Kry, a Swedish digital healthcare provider, has reported achieving operating profit for the first time in 2025, signaling a strategic shift toward sustainable business practices. The milestone comes as the company has deliberately moderated its growth trajectory to focus on profitability rather than pursuing non-profitable expansion opportunities.
The achievement represents a significant transition for the healthtech company, which has prioritized financial sustainability over aggressive market expansion in recent years. According to CEO Kalle Conneryd Lundgren, this decision reflects a deliberate business strategy rather than market constraints. “We have actively chosen to forgo non-profitable growth. That we’ve managed to compensate for it is something I’m satisfied with,” Lundgren stated, highlighting the company’s confidence in its strategic direction.
Strategic Focus on Profitability
Kry’s transition to profitability underscores a broader trend within the European startup ecosystem, where companies are increasingly scrutinizing unit economics and long-term viability. Rather than pursuing rapid expansion regardless of financial performance, the Swedish company has taken a measured approach to scaling its operations across its markets.
The decision to prioritize profitable growth has meant accepting slower headline growth figures. However, management views this trade-off as essential for building a durable business model. By focusing resources on operations that generate positive returns, Kry has positioned itself to maintain profitability while continuing to expand its digital healthcare services.
Operational Excellence
The path to operating profit required operational discipline across the organization. The company has maintained its commitment to providing digital healthcare services while simultaneously improving cost structures and revenue optimization. This balanced approach has allowed Kry to serve its patient base while achieving financial sustainability.
The timing of Kry’s profitability milestone reflects evolving investor expectations within the healthtech sector. After years of prioritizing user acquisition and market penetration, many digital health companies are now demonstrating their ability to generate positive returns. For Kry, this accomplishment validates the strategic choices made by management over the past period.
European Healthtech Context
Kry’s achievement occurs within a competitive European healthtech landscape, where digital healthcare providers have experienced varying degrees of commercial success. The company’s focus on sustainable profitability offers an alternative model to the growth-at-all-costs approach that characterized much of the sector during previous funding cycles.

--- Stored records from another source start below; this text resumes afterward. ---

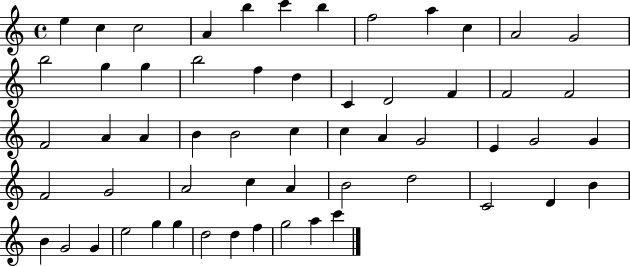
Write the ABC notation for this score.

X:1
T:Untitled
M:4/4
L:1/4
K:C
e c c2 A b c' b f2 a c A2 G2 b2 g g b2 f d C D2 F F2 F2 F2 A A B B2 c c A G2 E G2 G F2 G2 A2 c A B2 d2 C2 D B B G2 G e2 g g d2 d f g2 a c'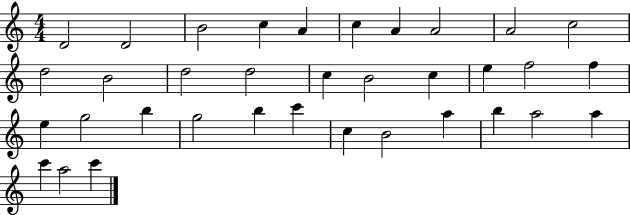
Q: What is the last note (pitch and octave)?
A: C6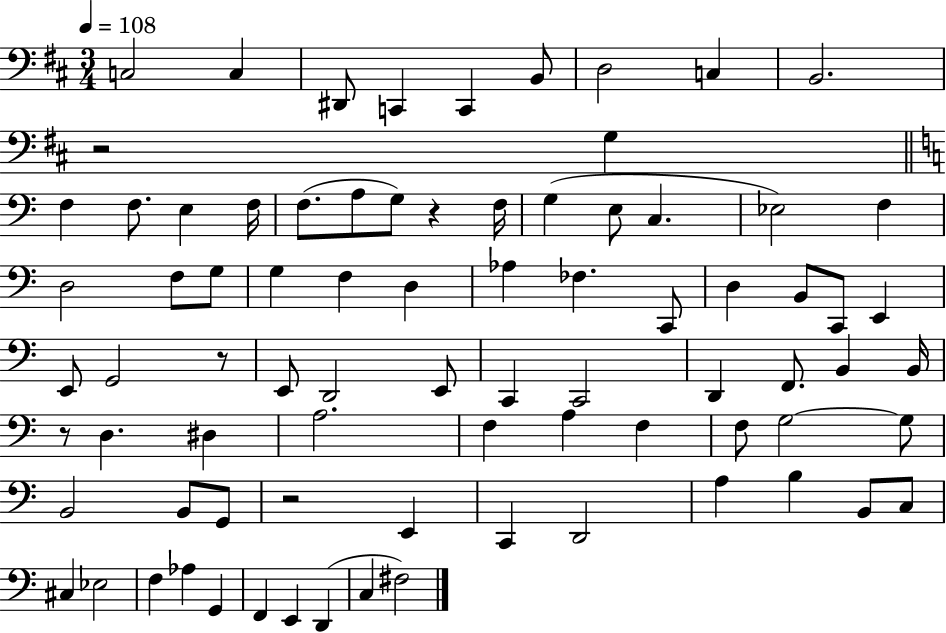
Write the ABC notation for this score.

X:1
T:Untitled
M:3/4
L:1/4
K:D
C,2 C, ^D,,/2 C,, C,, B,,/2 D,2 C, B,,2 z2 G, F, F,/2 E, F,/4 F,/2 A,/2 G,/2 z F,/4 G, E,/2 C, _E,2 F, D,2 F,/2 G,/2 G, F, D, _A, _F, C,,/2 D, B,,/2 C,,/2 E,, E,,/2 G,,2 z/2 E,,/2 D,,2 E,,/2 C,, C,,2 D,, F,,/2 B,, B,,/4 z/2 D, ^D, A,2 F, A, F, F,/2 G,2 G,/2 B,,2 B,,/2 G,,/2 z2 E,, C,, D,,2 A, B, B,,/2 C,/2 ^C, _E,2 F, _A, G,, F,, E,, D,, C, ^F,2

The Swedish company’s experience may provide useful insights for other European healthtech companies evaluating their expansion strategies. As access to venture capital has become more selective, demonstrating path-to-profitability has become increasingly important for attracting investors and securing long-term viability.
Kry’s first operating profit demonstrates that deliberate strategic choices regarding growth pace can coexist with financial success. The company’s approach suggests that sustainable healthcare delivery and profitable operations need not be mutually exclusive objectives.